INTER2(l1, cons2(x, l2)) -> IFINTER4(mem2(x, l1), x, l2, l1)
INTER2(l1, app2(l2, l3)) -> INTER2(l1, l3)
INTER2(cons2(x, l1), l2) -> IFINTER4(mem2(x, l2), x, l1, l2)
INTER2(l1, app2(l2, l3)) -> INTER2(l1, l2)
INTER2(app2(l1, l2), l3) -> INTER2(l2, l3)
INTER2(app2(l1, l2), l3) -> INTER2(l1, l3)
The remaining pairs can at least be oriented weakly.
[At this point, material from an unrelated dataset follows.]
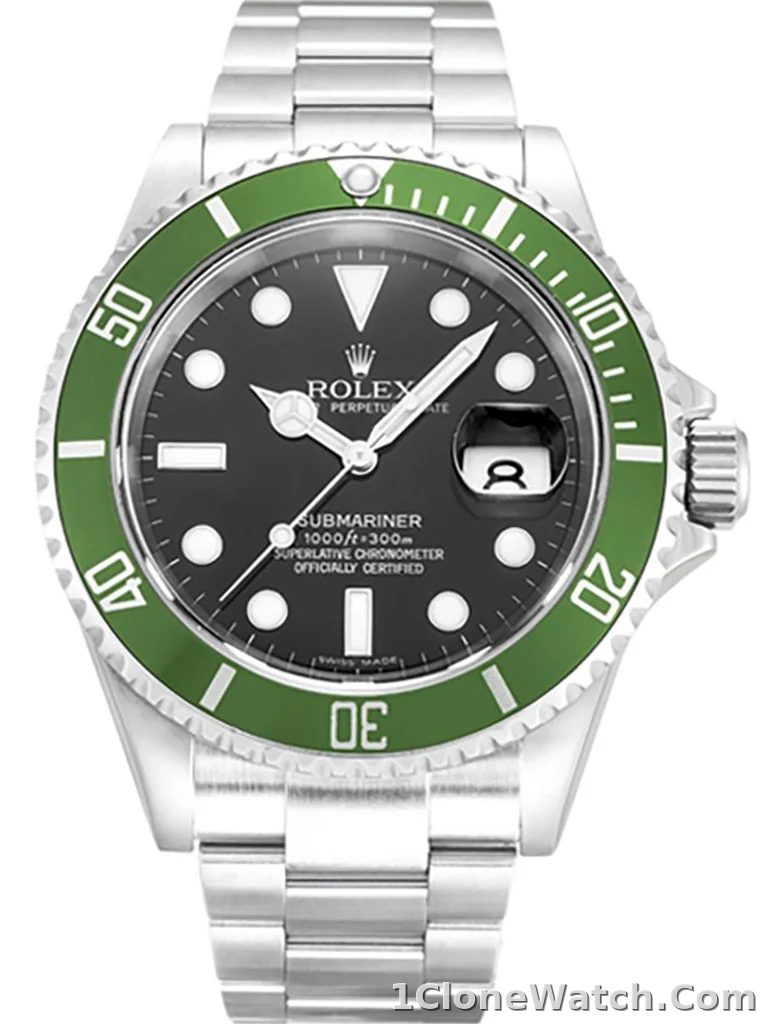 Rolex Submariner 40mm Black Dial 16610LV  Kermit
IFINTER4(true, x, l1, l2) -> INTER2(l1, l2)
IFINTER4(false, x, l1, l2) -> INTER2(l1, l2)
Used ordering: Polynomial interpretation [21]:

POL(0) = 0   
POL(IFINTER4(x1, x2, x3, x4)) = 2·x3 + x4   
POL(INTER2(x1, x2)) = 2·x1 + x2   
POL(app2(x1, x2)) = 3 + 2·x1 + 2·x2   
POL(cons2(x1, x2)) = 2 + 3·x2   
POL(eq2(x1, x2)) = 0   
POL(false) = 0   
POL(ifmem3(x1, x2, x3)) = 0   
POL(mem2(x1, x2)) = 0   
POL(nil) = 0   
POL(s1(x1)) = 0   
POL(true) = 0   

The following usable rules [14] were oriented: none



↳ QTRS
  ↳ DependencyPairsProof
    ↳ QDP
      ↳ DependencyGraphProof
        ↳ AND
          ↳ QDP
          ↳ QDP
          ↳ QDP
          ↳ QDP
            ↳ QDPOrderProof
QDP
                ↳ DependencyGraphProof

Q DP problem:
The TRS P consists of the following rules:

IFINTER4(true, x, l1, l2) -> INTER2(l1, l2)
IFINTER4(false, x, l1, l2) -> INTER2(l1, l2)

The TRS R consists of the following rules:

if3(true, x, y) -> x
if3(false, x, y) -> y
eq2(0, 0) -> true
eq2(0, s1(x)) -> false
eq2(s1(x), 0) -> false
eq2(s1(x), s1(y)) -> eq2(x, y)
app2(nil, l) -> l
app2(cons2(x, l1), l2) -> cons2(x, app2(l1, l2))
app2(app2(l1, l2), l3) -> app2(l1, app2(l2, l3))
mem2(x, nil) -> false
mem2(x, cons2(y, l)) -> ifmem3(eq2(x, y), x, l)
ifmem3(true, x, l) -> true
ifmem3(false, x, l) -> mem2(x, l)
inter2(x, nil) -> nil
inter2(nil, x) -> nil
inter2(app2(l1, l2), l3) -> app2(inter2(l1, l3), inter2(l2, l3))
inter2(l1, app2(l2, l3)) -> app2(inter2(l1, l2), inter2(l1, l3))
inter2(cons2(x, l1), l2) -> ifinter4(mem2(x, l2), x, l1, l2)
inter2(l1, cons2(x, l2)) -> ifinter4(mem2(x, l1), x, l2, l1)
ifinter4(true, x, l1, l2) -> cons2(x, inter2(l1, l2))
ifinter4(false, x, l1, l2) -> inter2(l1, l2)

Q is empty.
We have to consider all minimal (P,Q,R)-chains.
The approximation of the Dependency Graph [13,14,18] contains 0 SCCs with 2 less nodes.